La acción narrada en Aura (1962), la novela de Carlos Fuentes a que me deseo referir (5), constituye aparentemente un proceso de reencuentro con la historia. El protagonista, Felipe Montero, un historiador de 27 años, se desplaza desde un espacio exterior y periférico, en el que prevalecen las apariencias superficiales y las máscaras -el de la moderna Ciudad de México, cotidiana, alienante- hacia otro espacio interior y central, en el que supuestamente descubre una realidad esencial- la Ciudad de México colonial, histórica, representada por la calle Donceles, en la que se encuentra la casa de la anciana Consuelo, con el número 815.(6) Sin embargo, si se lee la novela atendiendo a su elaboración simbólica, el mencionado reencuentro se traduce en una efectiva regresión en la que el pasado, del que es portadora la anciana Consuelo, se apodera del presente, representado por el joven historiador. Ni las hechicerías de aquélla ni la juventud de Felipe, son suficientes para revitalizar a una situación de encierro estéril, en la que el pasado, convocado por el presente, termina por apoderarse de éste último hasta identificarse con él.
La imagen de la bruja metaforiza en Aura las contradicciones de la memoria histórica latinoamericana, especialmente el anquilosamiento que le produce su incapacidad de introspección.
Se ha visto en la novela latinoamericana contemporánea una tendencia a expresar nuestras concepciones utópicas por medio de la elaboración artística de los mitos en el nivel simbólico de la narración.(7) Puede comprenderse esta característica de la novela latinoamericana a partir del mecanismo de pregunta y respuesta que opera al mito como "forma simple", en el concepto de André Jolles.(8) La utopía significada por el mito en la novela, constituiría una respuesta a las interrogantes fundamentales de la conciencia colectiva latinoamericana. Leyendo Aura a la luz de lo anterior, se constata que elabora a la bruja como un símbolo estrechamente relacionado con las potencialidades del lenguaje.
Creo que el gran mito desarrollado por la literatura latinoamericana contemporánea es el del poder creador y liberador de la palabra. En mi opinión, es sobre la base de la elaboración poética de este mito que nuestros novelistas expresan nuestras utopías más entrañables. Sobre la base de estos supuestos, propondré una interpretación de la imagen de la bruja en esta hermosa novela de Carlos Fuentes.

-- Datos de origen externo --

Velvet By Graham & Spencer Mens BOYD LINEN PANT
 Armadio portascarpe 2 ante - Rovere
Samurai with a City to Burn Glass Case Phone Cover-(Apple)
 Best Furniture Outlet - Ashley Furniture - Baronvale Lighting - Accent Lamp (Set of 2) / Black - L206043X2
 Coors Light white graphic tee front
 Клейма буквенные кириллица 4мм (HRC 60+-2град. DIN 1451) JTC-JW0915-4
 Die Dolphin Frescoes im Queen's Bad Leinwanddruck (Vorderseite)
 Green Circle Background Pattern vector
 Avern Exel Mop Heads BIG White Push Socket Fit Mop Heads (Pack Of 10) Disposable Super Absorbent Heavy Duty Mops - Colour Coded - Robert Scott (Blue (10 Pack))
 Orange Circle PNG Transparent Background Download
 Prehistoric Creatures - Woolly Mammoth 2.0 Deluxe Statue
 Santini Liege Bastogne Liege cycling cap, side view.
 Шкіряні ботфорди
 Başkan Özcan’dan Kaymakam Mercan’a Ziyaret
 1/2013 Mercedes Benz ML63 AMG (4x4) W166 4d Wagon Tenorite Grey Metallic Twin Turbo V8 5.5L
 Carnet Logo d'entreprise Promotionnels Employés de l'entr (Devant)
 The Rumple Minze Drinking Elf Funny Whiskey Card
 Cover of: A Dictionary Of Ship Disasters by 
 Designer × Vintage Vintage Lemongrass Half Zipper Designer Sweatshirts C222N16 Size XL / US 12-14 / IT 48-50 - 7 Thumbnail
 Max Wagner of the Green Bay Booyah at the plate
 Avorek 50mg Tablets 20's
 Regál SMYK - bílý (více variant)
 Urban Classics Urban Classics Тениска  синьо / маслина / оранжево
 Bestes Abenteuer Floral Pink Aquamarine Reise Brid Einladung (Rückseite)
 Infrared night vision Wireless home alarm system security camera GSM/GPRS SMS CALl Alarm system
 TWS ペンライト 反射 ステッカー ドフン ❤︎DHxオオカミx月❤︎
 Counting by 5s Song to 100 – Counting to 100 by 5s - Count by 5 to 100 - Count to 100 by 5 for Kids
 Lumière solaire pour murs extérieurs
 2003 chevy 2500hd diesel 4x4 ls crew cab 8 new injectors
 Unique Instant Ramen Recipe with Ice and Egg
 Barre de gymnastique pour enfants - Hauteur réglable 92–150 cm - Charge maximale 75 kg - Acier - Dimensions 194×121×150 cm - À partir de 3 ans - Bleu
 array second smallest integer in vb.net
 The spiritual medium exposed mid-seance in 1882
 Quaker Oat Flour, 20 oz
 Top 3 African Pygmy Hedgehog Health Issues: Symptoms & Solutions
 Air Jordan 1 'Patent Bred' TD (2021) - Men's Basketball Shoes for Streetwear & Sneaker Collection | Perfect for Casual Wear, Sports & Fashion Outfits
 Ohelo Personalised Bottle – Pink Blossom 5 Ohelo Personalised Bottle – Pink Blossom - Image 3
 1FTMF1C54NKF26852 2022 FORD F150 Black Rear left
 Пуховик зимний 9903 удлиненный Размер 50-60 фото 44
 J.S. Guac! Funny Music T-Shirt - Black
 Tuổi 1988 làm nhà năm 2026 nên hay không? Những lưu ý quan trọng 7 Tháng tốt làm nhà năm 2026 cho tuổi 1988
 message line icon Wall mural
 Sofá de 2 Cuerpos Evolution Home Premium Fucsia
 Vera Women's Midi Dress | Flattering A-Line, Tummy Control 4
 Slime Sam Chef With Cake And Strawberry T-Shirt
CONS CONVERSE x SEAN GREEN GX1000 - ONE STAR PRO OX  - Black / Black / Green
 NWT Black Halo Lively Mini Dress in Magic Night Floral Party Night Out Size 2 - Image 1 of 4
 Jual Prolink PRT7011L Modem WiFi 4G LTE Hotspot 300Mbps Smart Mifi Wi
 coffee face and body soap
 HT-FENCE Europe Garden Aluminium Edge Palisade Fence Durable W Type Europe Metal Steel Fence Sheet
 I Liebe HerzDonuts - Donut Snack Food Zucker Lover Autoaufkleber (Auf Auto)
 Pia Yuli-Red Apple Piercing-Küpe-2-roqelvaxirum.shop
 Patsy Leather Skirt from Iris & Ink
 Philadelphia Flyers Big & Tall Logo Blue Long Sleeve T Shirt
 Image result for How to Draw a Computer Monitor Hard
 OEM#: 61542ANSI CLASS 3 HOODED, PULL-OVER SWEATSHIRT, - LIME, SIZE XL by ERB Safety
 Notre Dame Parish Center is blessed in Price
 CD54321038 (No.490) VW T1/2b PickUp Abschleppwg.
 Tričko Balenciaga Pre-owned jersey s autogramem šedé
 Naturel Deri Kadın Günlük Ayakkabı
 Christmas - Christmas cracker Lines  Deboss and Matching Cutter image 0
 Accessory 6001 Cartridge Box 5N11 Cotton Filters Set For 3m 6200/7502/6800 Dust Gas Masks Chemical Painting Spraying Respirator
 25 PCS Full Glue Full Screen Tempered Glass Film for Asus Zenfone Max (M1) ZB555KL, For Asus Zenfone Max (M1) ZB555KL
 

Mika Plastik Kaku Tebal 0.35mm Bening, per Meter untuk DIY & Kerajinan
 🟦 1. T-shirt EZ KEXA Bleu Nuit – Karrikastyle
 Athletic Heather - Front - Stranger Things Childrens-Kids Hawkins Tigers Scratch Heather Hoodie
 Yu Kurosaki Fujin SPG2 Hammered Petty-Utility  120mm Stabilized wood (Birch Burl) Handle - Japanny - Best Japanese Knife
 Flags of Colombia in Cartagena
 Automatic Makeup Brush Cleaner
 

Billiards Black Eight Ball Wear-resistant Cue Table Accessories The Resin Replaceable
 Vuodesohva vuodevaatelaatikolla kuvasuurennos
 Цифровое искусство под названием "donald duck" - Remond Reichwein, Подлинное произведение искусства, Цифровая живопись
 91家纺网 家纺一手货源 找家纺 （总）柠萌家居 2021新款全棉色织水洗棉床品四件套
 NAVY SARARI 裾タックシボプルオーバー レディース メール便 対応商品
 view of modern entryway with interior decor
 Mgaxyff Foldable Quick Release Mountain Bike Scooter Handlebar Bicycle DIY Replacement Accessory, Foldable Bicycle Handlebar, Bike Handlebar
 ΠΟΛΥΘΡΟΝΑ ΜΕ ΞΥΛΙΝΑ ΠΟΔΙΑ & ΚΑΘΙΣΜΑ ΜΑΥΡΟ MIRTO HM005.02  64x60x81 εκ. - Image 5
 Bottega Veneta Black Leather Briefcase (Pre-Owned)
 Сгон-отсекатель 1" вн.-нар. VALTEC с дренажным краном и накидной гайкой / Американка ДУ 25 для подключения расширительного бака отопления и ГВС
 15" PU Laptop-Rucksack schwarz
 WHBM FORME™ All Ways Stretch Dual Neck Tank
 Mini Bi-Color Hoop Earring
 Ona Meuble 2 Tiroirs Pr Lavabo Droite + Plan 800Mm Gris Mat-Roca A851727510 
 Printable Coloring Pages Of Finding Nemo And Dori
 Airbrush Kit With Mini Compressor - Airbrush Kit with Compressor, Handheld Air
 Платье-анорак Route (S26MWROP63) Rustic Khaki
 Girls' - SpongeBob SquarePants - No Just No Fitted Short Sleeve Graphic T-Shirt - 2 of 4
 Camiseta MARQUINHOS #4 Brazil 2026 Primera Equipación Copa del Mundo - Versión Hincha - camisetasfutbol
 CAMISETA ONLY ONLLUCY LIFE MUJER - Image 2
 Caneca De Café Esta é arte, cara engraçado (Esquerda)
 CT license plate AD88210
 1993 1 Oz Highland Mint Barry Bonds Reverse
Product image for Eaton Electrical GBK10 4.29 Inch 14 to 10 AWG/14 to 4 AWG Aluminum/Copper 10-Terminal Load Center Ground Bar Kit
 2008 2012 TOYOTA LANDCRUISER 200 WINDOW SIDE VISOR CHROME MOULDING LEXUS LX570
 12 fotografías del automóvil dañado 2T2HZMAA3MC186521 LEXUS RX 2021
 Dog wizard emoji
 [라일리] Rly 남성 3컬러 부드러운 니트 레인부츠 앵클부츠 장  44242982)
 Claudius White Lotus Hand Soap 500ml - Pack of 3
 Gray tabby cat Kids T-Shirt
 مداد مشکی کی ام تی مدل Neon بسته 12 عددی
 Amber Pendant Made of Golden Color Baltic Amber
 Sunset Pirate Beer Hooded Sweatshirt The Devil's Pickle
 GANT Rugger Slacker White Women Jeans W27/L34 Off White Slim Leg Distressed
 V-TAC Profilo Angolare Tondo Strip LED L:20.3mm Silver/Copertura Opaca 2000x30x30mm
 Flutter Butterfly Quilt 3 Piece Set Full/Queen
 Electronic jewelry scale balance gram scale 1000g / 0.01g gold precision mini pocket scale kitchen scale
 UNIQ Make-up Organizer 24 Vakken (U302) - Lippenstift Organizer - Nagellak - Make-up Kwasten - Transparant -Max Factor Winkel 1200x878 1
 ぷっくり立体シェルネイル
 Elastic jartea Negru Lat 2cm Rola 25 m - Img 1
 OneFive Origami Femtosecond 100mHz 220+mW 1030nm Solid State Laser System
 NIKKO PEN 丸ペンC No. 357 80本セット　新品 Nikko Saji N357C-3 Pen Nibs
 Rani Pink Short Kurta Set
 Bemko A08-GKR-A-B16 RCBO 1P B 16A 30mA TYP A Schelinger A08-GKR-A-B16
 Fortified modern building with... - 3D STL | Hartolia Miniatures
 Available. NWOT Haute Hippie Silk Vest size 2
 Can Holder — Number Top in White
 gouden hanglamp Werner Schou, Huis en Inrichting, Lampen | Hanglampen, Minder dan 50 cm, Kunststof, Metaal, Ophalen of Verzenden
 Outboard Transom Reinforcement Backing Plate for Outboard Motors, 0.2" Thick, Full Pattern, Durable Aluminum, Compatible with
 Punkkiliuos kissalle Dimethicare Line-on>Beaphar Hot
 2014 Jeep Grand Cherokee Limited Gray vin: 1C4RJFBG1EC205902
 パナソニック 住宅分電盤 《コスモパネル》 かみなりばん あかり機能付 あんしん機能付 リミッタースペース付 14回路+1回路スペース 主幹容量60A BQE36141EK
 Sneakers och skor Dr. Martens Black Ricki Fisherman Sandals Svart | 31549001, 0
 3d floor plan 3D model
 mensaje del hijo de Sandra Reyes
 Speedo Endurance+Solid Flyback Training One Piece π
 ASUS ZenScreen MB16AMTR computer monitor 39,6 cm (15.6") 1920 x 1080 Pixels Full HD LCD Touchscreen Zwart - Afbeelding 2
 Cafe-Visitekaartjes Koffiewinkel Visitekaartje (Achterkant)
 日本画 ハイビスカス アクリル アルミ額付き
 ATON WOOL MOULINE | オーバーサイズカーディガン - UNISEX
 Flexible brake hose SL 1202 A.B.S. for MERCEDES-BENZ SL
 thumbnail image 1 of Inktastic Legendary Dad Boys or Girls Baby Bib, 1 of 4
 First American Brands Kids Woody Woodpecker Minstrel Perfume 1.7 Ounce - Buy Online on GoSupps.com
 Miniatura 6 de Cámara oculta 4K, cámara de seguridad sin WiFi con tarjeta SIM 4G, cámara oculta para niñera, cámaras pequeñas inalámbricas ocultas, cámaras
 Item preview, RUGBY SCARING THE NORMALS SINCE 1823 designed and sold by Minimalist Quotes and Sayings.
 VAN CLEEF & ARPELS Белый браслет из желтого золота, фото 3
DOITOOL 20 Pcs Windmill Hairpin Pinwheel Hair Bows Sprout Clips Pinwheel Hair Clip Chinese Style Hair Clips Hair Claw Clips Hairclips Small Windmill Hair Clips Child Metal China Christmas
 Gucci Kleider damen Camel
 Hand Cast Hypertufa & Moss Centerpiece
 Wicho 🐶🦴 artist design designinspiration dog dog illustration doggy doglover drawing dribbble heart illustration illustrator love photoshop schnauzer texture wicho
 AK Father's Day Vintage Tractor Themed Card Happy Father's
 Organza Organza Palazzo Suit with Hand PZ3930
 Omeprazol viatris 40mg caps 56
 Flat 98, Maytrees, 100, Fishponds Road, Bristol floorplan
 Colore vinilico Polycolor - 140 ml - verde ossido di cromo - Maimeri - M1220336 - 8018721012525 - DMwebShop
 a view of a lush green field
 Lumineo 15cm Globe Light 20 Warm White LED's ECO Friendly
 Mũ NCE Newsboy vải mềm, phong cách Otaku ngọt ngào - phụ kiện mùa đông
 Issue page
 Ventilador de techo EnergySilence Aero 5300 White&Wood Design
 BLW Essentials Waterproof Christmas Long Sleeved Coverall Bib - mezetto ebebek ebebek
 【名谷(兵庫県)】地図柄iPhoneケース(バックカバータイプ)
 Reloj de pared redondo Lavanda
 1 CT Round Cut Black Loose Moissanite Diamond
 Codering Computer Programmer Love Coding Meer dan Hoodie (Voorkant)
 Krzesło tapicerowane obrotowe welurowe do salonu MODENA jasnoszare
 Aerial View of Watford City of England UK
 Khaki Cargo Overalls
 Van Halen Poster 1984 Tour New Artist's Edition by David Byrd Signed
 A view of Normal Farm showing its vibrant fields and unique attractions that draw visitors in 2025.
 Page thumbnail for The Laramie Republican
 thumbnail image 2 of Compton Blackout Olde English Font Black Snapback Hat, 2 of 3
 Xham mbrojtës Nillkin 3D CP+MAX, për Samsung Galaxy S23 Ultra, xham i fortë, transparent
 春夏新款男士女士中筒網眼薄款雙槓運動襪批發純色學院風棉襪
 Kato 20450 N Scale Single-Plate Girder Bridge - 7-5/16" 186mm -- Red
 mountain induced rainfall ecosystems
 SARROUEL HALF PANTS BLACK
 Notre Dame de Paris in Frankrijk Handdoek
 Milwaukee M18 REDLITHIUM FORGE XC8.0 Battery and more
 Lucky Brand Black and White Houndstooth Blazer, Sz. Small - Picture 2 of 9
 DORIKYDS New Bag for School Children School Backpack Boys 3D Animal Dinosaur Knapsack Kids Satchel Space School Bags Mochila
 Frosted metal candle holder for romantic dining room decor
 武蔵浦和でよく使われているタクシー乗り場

El arquetipo de la bruja, entre sus muchos sentidos, posee el señalado por Michelet: remite a un estado original, primitivo, humano y solidario, vinculado a la naturaleza. Prefigura utópicamente una sociedad fundada en esos valores. Trascendiendo a la historia, su imagen es significativa de un estado más feliz de la humanidad.(9) El nombre de Consuelo quizás atrae este valor del arquetipo: el de la mujer sabia, conocedora de las hierbas naturales, que entrega alivio a los seres que sufren abandono en un mundo en el que las relaciones humanas fundamentales están destruidas. En su caso, sin embargo, esta cualidad está invertida, como fruto de las contradicciones que manifiesta como personaje y símbolo, aproximándose al tercer estado de la bruja señalado por Michelet: decadente, astuta y maliciosa.(10)
La historia que se relata en Aura, aunque vincula los poderes de la bruja con el conocimiento de la naturaleza y la búsqueda del amor eterno, conduce a los protagonistas a un estado de encierro, asfixia y esterilidad.
La historia que conduce a esta situación es de amor: en ella dos amantes se vuelven a unir, superando las barreras del tiempo y de la muerte.
Se la ha interpretado como la narración de una aventura interior, que puede ocurrir tanto en la imaginación de Felipe como en la de Consuelo. Quien propone que la historia no es otra cosa que un sueño de Consuelo, interpreta a este personaje como a una anciana demente a causa de su propia esterilidad y temor a la senectud, que en su delirio recuperaría a su amado por medio de la imaginación. Las dos interpretaciones se fundamentan en marcas textuales muy precisas que permiten atribuir el relato a uno u otro de los dos personajes.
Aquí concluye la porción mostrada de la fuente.